Regarding claim 17, Fan discloses the apparatus of claim 1. Fan further discloses wherein the three-dimensional metamaterial is extendible to an arbitrary geometry and is to correct for aberration and shape electromagnetic wavefronts as a function of at least one of: polarization, incident angle, and wavelength (Fig. 2c, Fig. 2 caption Multifunctional meta-gratings that deflect normally incident waves of (i) two and (ii) five wavelengths to different diffraction orders; pg. 197, col 2, para 2- the device is illuminated with a plane wave that is incident from the desired beam deflection direction; pg. 201, col 1, para 2- the inverse design of metasurfaces is the extension of device layouts to fully three-dimensional (3D) shapes Theoretical analyses of multilayer metamaterials demonstrate the great potential of multilayer metamaterials to serve as high-efficiency, aberration-corrected elements).
Regarding claim 18, Fan discloses a method comprising: producing or accessing a grayscale dielectric profile associated with a certain electromagnetic response (Fig. 1; pg. 197, para 2- The device comprises a set of subwavelength-scale voxels and is initialized with random grayscale dielectric value; pg. 197, para 2-3 The dielectric constant at each voxel is then iterative updated using the expression for gradient descent above the condition that final devices take discrete dielectric constant values can be enforced by gradually increasing the magnitude of penalty terms in the figure of merit that penalize the presence of grayscale dielectric values); and via the grayscale dielectric profile, providing a three-dimensional metamaterial corresponding to the certain electromagnetic response (abstract- Metasurfaces are thin-film electromagnetic devices with subwavelength-scale geometric structuring.
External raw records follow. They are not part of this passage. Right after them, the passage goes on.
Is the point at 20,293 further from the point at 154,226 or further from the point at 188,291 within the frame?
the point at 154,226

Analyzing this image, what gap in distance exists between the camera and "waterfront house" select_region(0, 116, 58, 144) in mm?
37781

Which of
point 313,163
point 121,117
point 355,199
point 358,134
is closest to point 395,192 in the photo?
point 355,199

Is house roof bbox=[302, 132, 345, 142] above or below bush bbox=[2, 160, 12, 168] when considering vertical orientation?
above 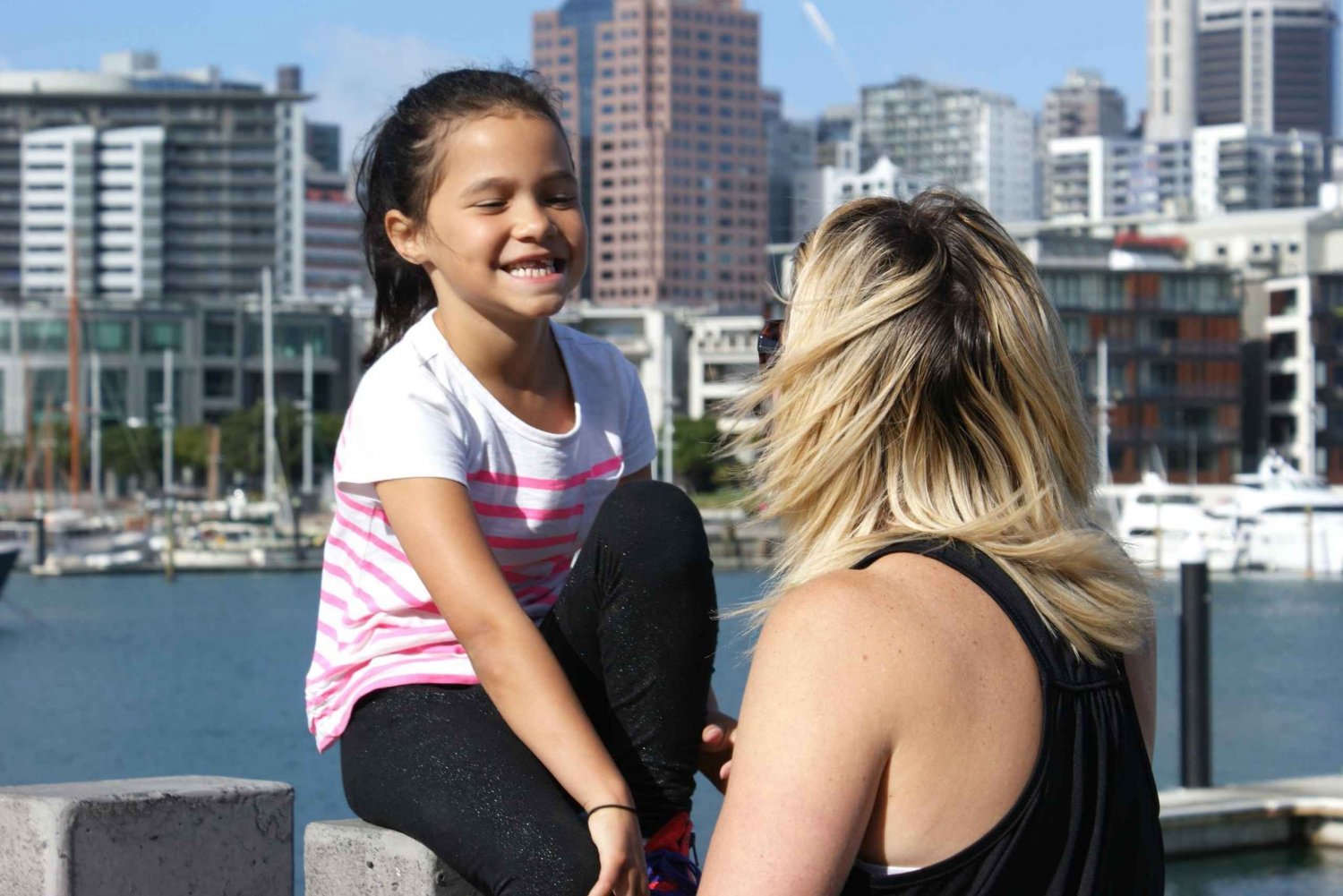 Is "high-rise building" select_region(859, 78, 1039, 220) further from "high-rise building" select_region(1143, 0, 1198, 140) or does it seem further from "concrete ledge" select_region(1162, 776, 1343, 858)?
"concrete ledge" select_region(1162, 776, 1343, 858)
They can be tailored to produce a broad range of optical functions due to the strong relationship between electromagnetic response and geometric shape; pg. 201, col 1, para 2- the inverse design of metasurfaces is the extension of device layouts to fully three-dimensional (3D) shapes).
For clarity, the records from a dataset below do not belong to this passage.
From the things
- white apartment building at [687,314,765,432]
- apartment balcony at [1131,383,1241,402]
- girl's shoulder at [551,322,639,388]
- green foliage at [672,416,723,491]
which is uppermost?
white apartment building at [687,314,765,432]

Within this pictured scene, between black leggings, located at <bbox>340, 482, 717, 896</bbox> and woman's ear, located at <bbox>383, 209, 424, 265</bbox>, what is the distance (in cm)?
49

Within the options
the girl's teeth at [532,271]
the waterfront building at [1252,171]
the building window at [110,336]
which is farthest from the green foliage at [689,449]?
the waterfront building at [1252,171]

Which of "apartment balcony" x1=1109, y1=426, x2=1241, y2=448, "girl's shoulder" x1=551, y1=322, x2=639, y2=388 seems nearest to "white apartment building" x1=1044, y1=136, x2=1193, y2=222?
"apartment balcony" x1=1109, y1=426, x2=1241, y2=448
Regarding claim 19, Fan discloses the method of claim 18. Fan further discloses wherein producing or accessing a grayscale dielectric profile includes using an algorithm, involving topology optimization or an inversion design, to create the grayscale dielectric profile for the certain electromagnetic response, and wherein providing a three-dimensional metamaterial corresponding to the certain electromagnetic response includes using an additive process to form the three-dimensional metamaterial (abstract- Metasurfaces are thin-fiIm electromagnetic devices with subwavelength-scale geometric structuring. They can be tailored to produce a broad range of optical functions due to the strong relationship between electromagnetic response and geometric shape topology optimization as a design platform for high-performance, freeform metasurfaces. Two types of topology optimizers are covered-local gradient-based optimizers that leverage the adjoint variables method, and global population-based optimizers that reframe the optimization process as the training of a generative neural network; pg. 201, col 1, para 2- the inverse design of metasurfaces is the extension of device layouts to fully three- dimensional (3D) shapes nanoscale 3D printing).
Regarding claim 6, Fan discloses the apparatus of claim 1, but fails to disclose wherein the three-dimensional metamaterial includes light- cured resin having varying cross-linking densities, and the three-dimensional metamaterial includes filaments characterized by high dielectric constants of at least 15. However, Truby, drawn to 3D printing, discloses the three-dimensional metamaterial includes light- cured resin having varying cross-linking densities (pg. 373, col 2, para 6-Inkjet printing enables voxel-by-voxel patterning of multiple materials, using a full-colour palette and photopolymer resins whose backbone composition, side-group chemistry and crosslink density can be systematically varied to produce regions with different mechanical properties; pg. 375, col 1. para 3- Materials of this sort include structural metamaterials;), and the three-dimensional metamaterial includes filaments (Fig. 1 caption- Light- and ink-based photocurable inkjet printing of photopolymerizable resins. d, Ink-based fused deposition modelling of thermoplastic filaments.). It would have been obvious to a person having ordinary skill in the art at the time of the invention to combine the light-cured resin disclosed by Truby to the metamaterial disclosed by Fan to improve the controlling of the fabrication (See Truby, abstract) and provide the filament characterized by high dielectric constants of at least 15, for when the general conditions of a claim are disclosed by the prior art it is not inventive to discover an optimum or workable range by routine experimentation (See Truby, abstract- tunable mechanical, electrical and other functional properties; pg. 373, col 2, para 6- photopolymer resins whose backbone composition, side-group chemistry and crosslink density can be systematically varied to produce regions with different mechanical properties).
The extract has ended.